According to one aspect of the present invention, a gasket for use in a gas exchange system is provided. The gasket typically includes a structure comprising a first material and having an interior surface defining an interior region, and an exterior surface. When the structure is positioned between two surfaces in a gas exchange analysis chamber, the interior region defines an internal volume between the two surfaces, and the first material reduces or eliminates interfacial diffusion of gases between the internal volume and the atmosphere external to the gasket during a gas exchange experiment. In certain aspects, the first material reduces or eliminates interfacial diffusion of gases such as CO₂, CO₂ isotopes, O₂, H₂O, Methane (CH₄), N₂O, Isoprene and others. In certain aspects, the first material comprises a solid or foamed elastomer such as a solid or foamed urethane. Examples of solid urethanes are FastFlex® and Sorbothane®. In certain aspects, at least the interior surface of the structure is coated with a hydrophobic material coating, wherein the hydrophobic coating creates a sorption barrier that reduces or eliminates sorption of H₂O between the internal volume and the gasket structure. Useful hydrophobic coating materials include fluoropolymers (e.g. PTFE) and Parylene®. Fluoropolymer is a general class of “plastics” which includes many materials such as PTFE, PCTFE, ETFE, etc). In certain aspects, a hydrophobic material is affixed to at least the interior surface of the structure, wherein the hydrophobic material creates a sorption barrier that reduces or eliminates sorption of H₂O between the internal volume and the gasket structure. In certain aspects, the hydrophobic material includes a solid or foamed elastomer. Useful solid or foamed elastomers include polyethylene, Neoprene®, EPDM, SBR, Buna-N and vinyl.

According to another aspect of the present invention, a composite gasket for use in a gas exchange system is provided. The gasket typically includes a first gasket portion having an interior surface defining an interior region, and an exterior surface, the first gasket portion comprising a first material, and a second gasket portion affixed to the exterior surface of the first gasket portion, the second gasket portion comprising a second material. When the composite gasket is positioned between two surfaces, the interior region defines an internal volume between the two surfaces, and the first material creates a sorption barrier that reduces or eliminates sorption of H2O between the internal volume and the composite gasket, and the second material reduces or eliminates interfacial diffusion of gases between the internal volume and the atmosphere external to the gasket. In certain aspects, the second material reduces or eliminates interfacial diffusion of gases such as CO₂, CO₂ isotopes, O₂, H₂O, Methane (CH₄), N₂O, Isoprene and others. In certain aspects, the first material is hydrophobic. In certain aspects, the hydrophobic material includes a solid or foamed elastomer. Useful solid or foamed elastomers include polyethylene, Neoprene®, EPDM, SBR, Buna-N and vinyl. In certain aspects, the first material includes a layer of a fluoropolymer (e.g. PTFE) or Parylene®. In certain aspects, the second material includes a solid or foamed elastomer such as a solid or foamed urethane. Examples of useful urethanes are FastFlex® and Sorbothane®.

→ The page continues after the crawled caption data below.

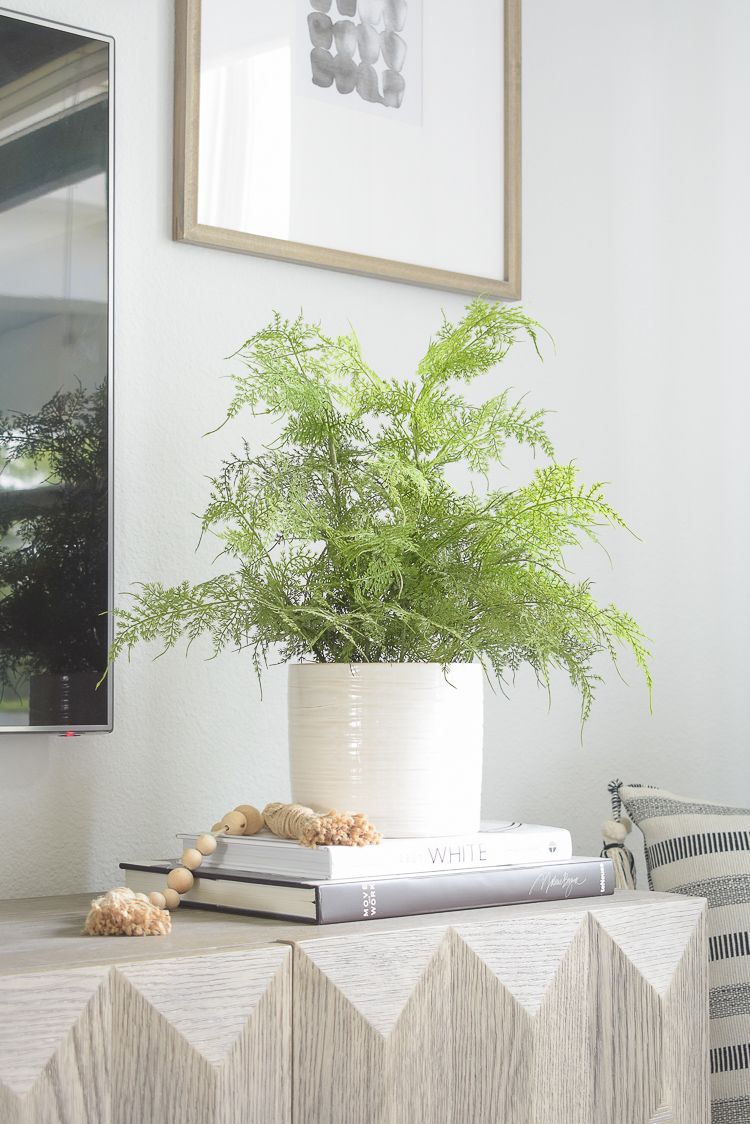 Summer decorating tips and home tour - faux studio mcgee fern in white pot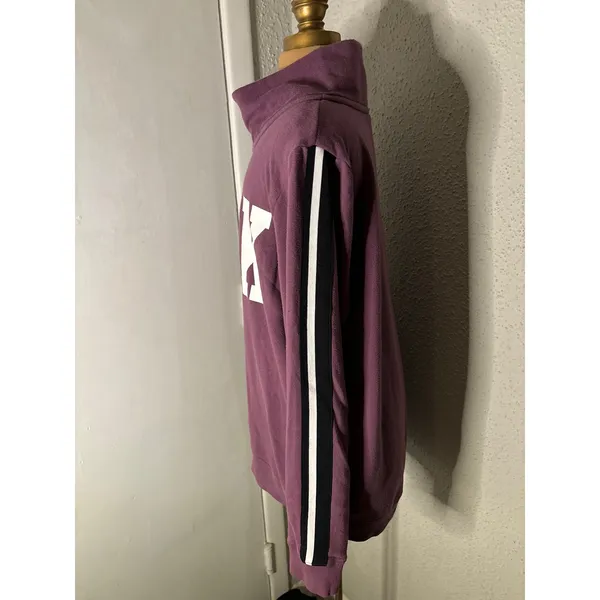 PINK Victoria's Secret Funnel Purple Logo Racer Stripe Zip Jacket. L Casual Preppy - Image 5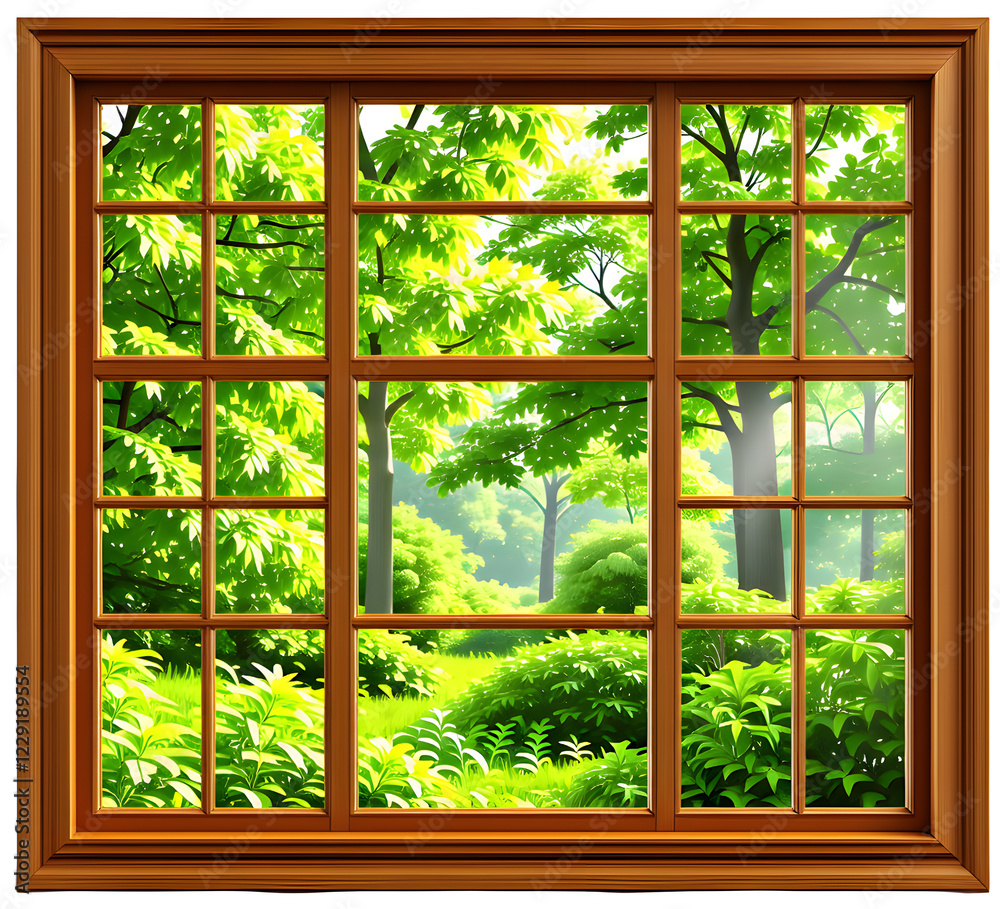 Naklejka premium 우드창문(a wood window)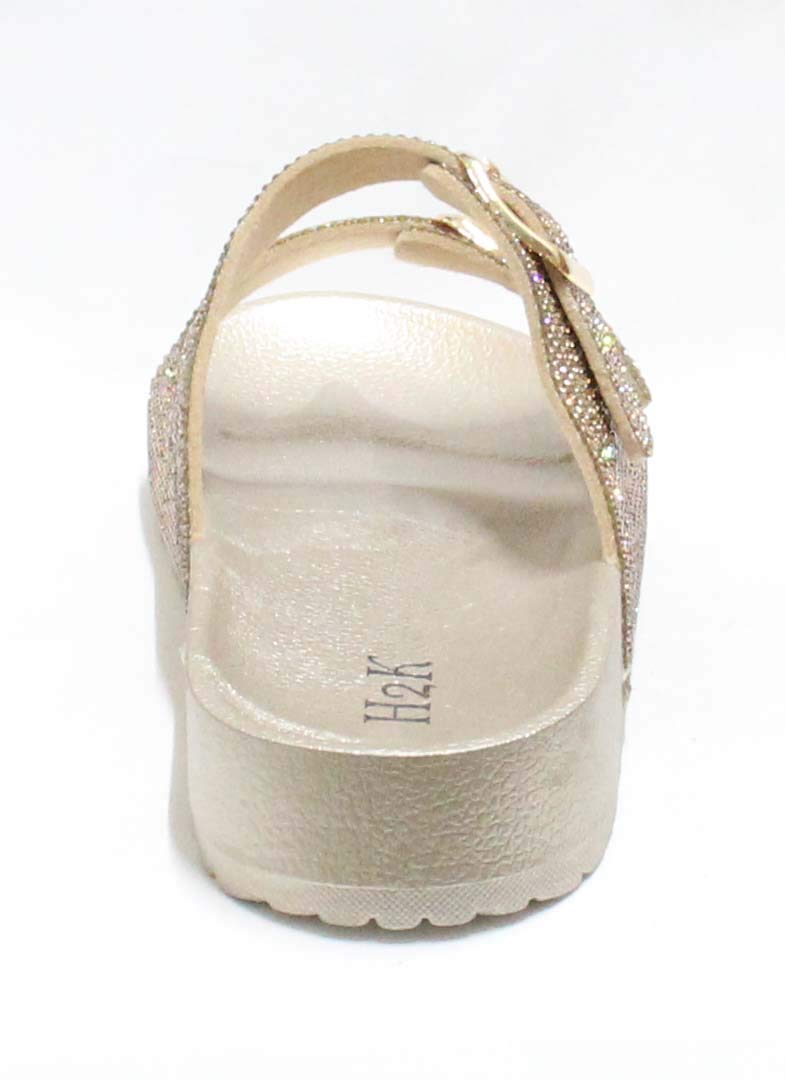 H2K Womens Glitter Double Buckle Adjustable Comfort Slip On Slides Sandals Espen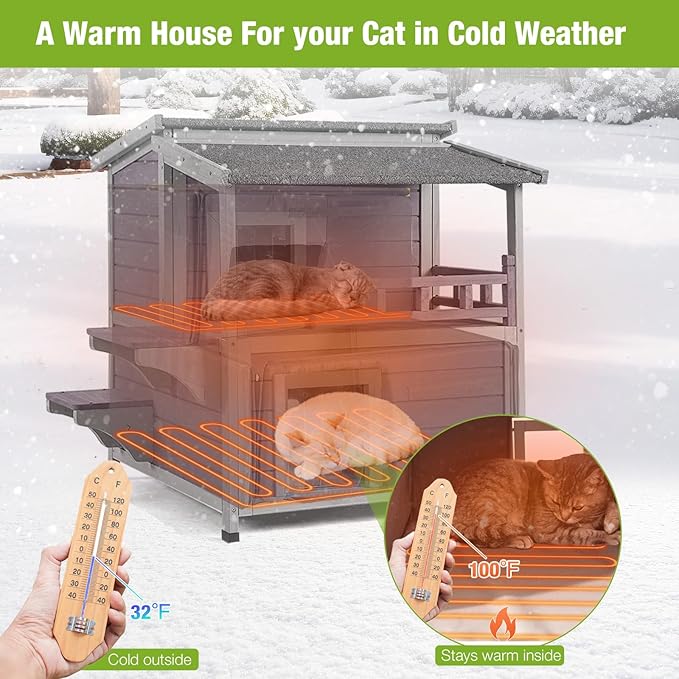 GUTINNEEN Heated Cat House for Outside, 2-Story Wooden Cat House Weatherproof for Winter Outdoor Feral Cat Shelter with Heater and Insulated Liner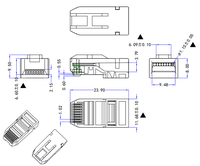 Modularer Stecker CAT.5E Männlich RJ45 Anschluss 8P8C für PCB-Druckernutzung L=23,9mm Ohne Griff LCP-Gehäuse Phosphorbronze-Kontakte
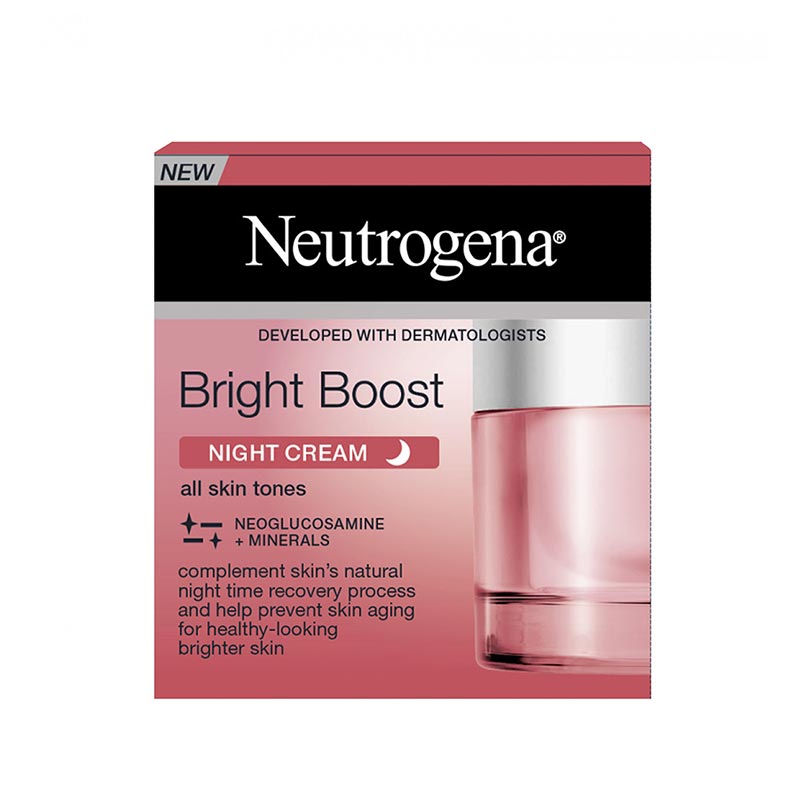 کرم شب روشن کننده و ضد لک نوتروژینا مدل Bright Boost ا Neutrogena Bright Boost Anti Aging Night Cream 50ml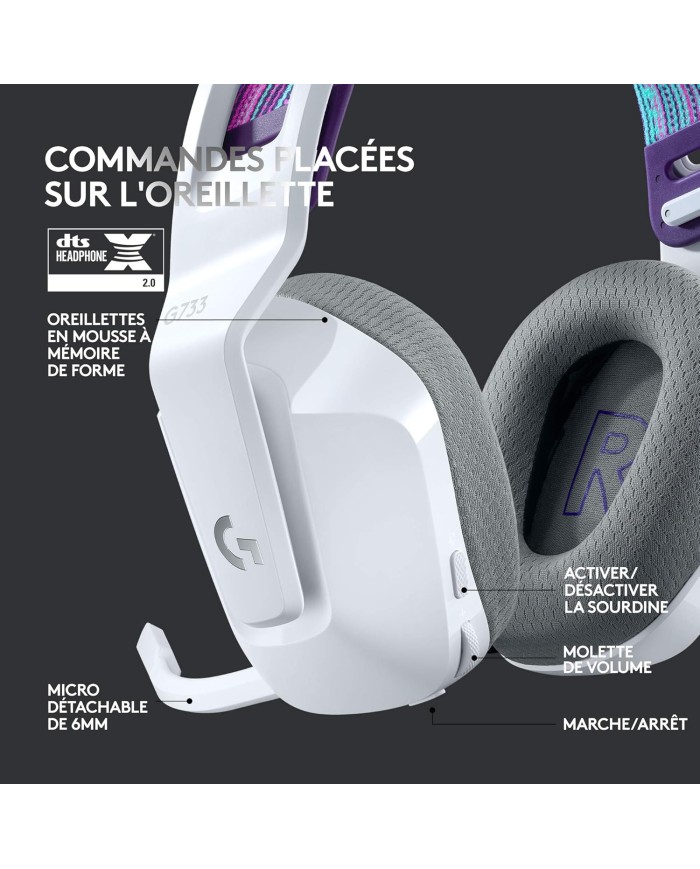 Logitech G733 Lightspeed (Blanc) - Micro-casque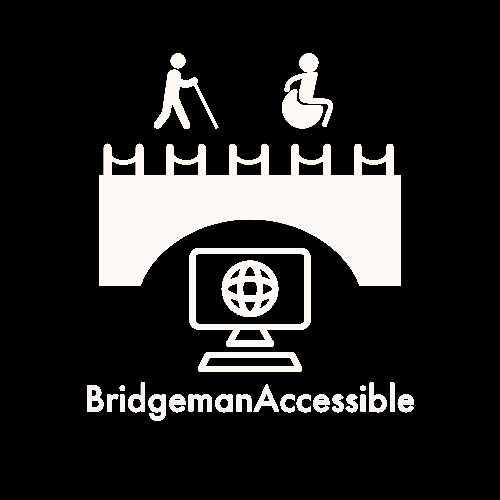 A white on black background version of the Bridgeman Accessible logo of a visually impaired person with a cane and someone in a wheelchair crossing a bridge which sits above a computer with a globe inside it with the words Bridgeman Accessible immediately below everything.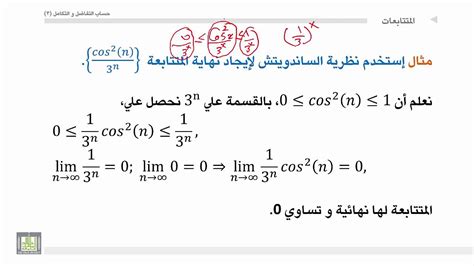 حساب التفاضل والتكامل 3 الوحدة 3 نظرية السندوتش للمتتابعات وامثلة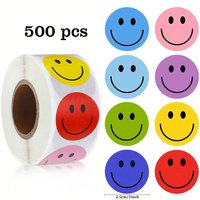 500pcs Smiling Face Paper Sticker, Cute Circular Sealing Stickers for Party Gift Decoration, Round Learning Reward Stickers C338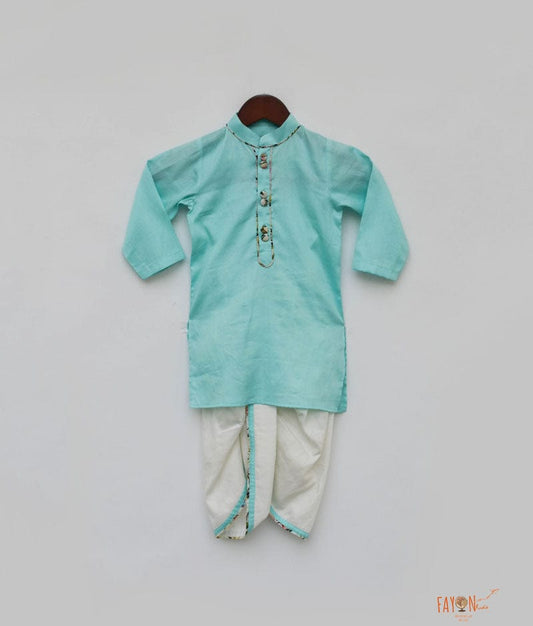 Blue Silk Kurta with Dhoti for Boys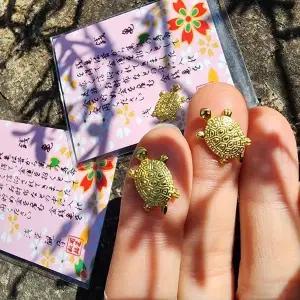 고품질 작은선물 재물운 행운 벚꽃 미니 돈 거북이 부적 (WFFKPFL)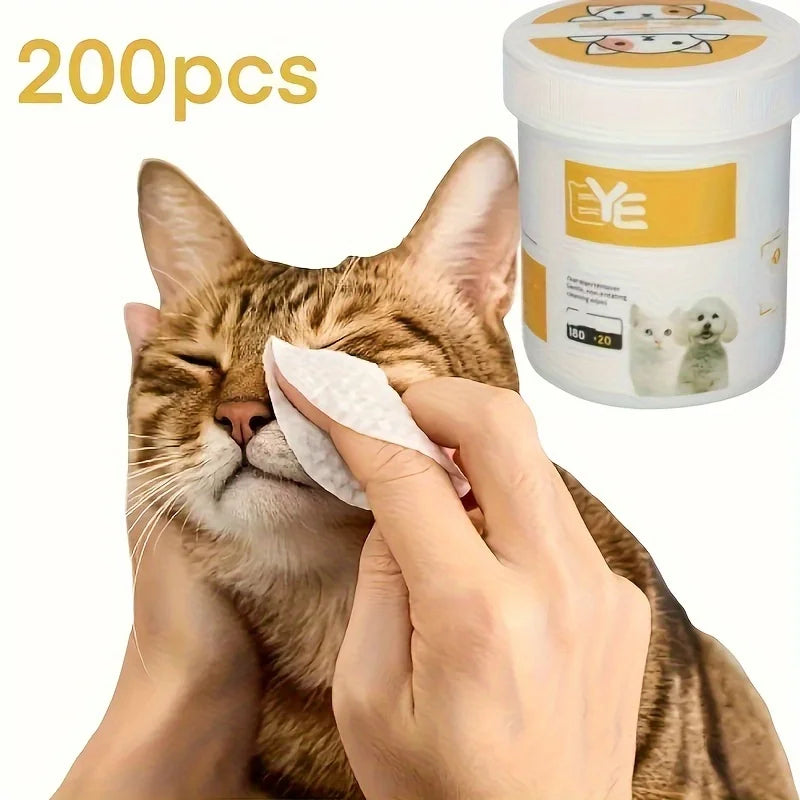 200pcs Pet Eye Cleaning Wipes – Tear Stain Remover Dogs & Cats Pet Eye Wipes Nixie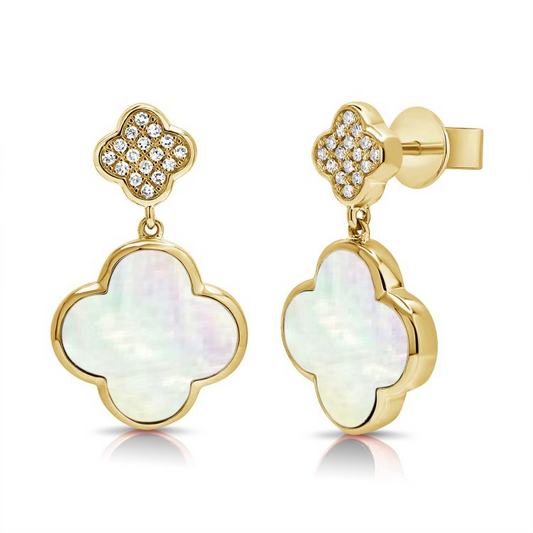 14k Yellow Gold MOP and 0.10Ct Diamond Clover Earring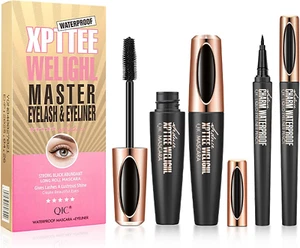Set Da Mascara Eyeliner, Mascara per Ciglia in Fibra Di Seta 4D E Eyeliner Liqui - Foto 1 di 12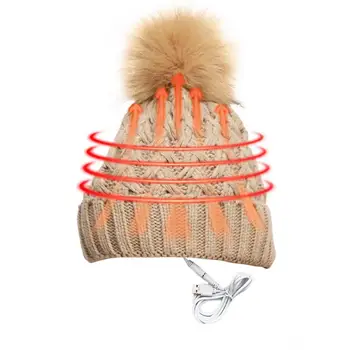Isıtmalı şapka verimli ısı transferi ısıtmalı şapka kadın şarj edilebilir sıcak kış şapka örgü kafatası açık spor ısıtmalı kasketleri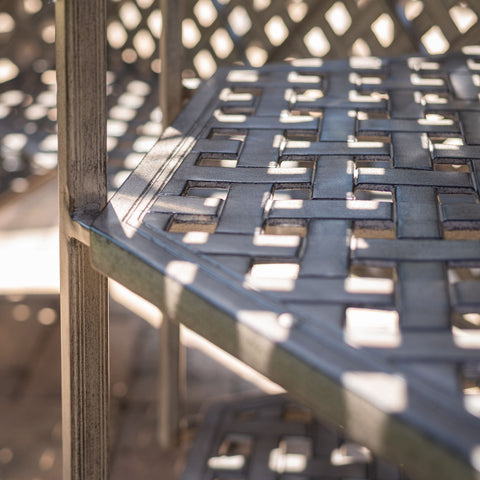 Cast Alumnim Weave Pattern Party Bar Table A - Gray - Premium Bar Tables from Gather Craft - Just $2137! Shop now at brett interiors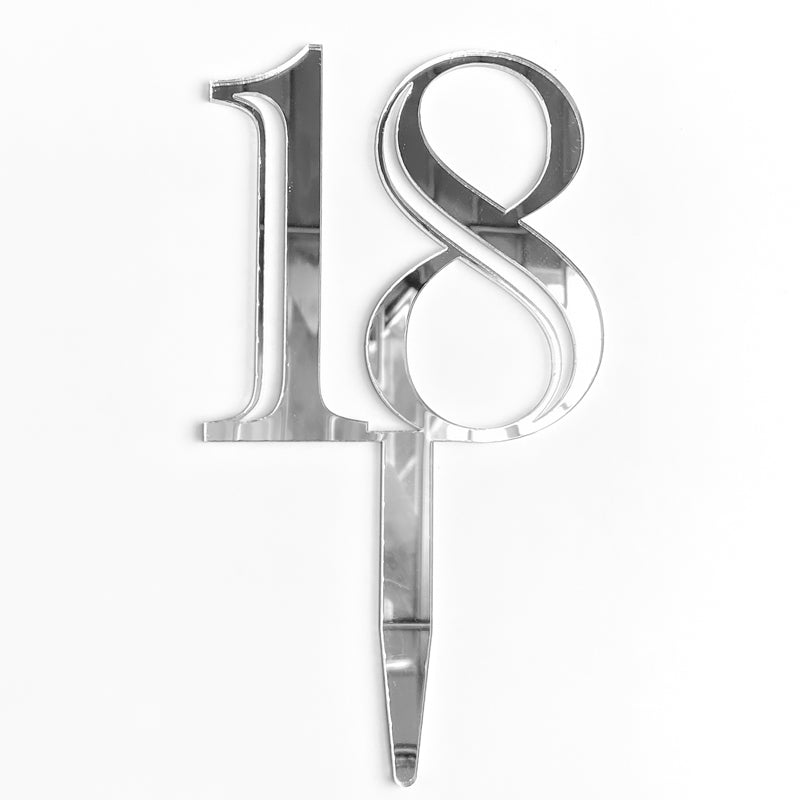 Double-Digit Number Toppers - Silver Mirror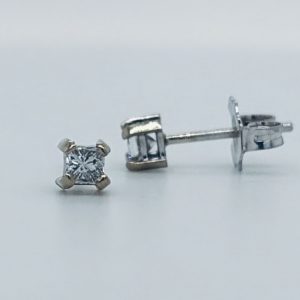 14k Princess Cut Diamond Stud Earrings #91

According to yet another aspect of the present invention, a gasket for use in a gas exchange system is provided. The gasket typically includes a base material defining a structure having an interior surface defining an interior region, and an exterior surface, and a second material affixed to or coating at least the interior surface of the gasket structure. When the gasket is positioned between two surfaces, the interior region defines an internal volume between the two surfaces, the second material creates a sorption barrier that reduces or eliminates sorption of H2O between the internal volume and the gasket, and the base material reduces or eliminates interfacial diffusion of gases between the internal volume and the atmosphere external to the gasket. In certain aspects, the base material reduces or eliminates interfacial diffusion of gases such as CO₂, CO₂ isotopes, O₂, H₂O, Methane (CH₄), N₂O, Isoprene and others. In certain aspects, the base material includes a solid or foamed elastomer such as a solid or foamed urethane. Examples of useful urethanes are Sorbothane® and FastFlex® In certain aspects, the second material is hydrophobic. In certain aspects, the hydrophobic material includes a solid or foamed elastomer. Useful solid or foamed elastomers include polyethylene, Neoprene®, EPDM, SBR, Buna-N and vinyl. In certain aspects, the second material includes a layer of fluoropolymer (e.g. PTFE) or Parylene®.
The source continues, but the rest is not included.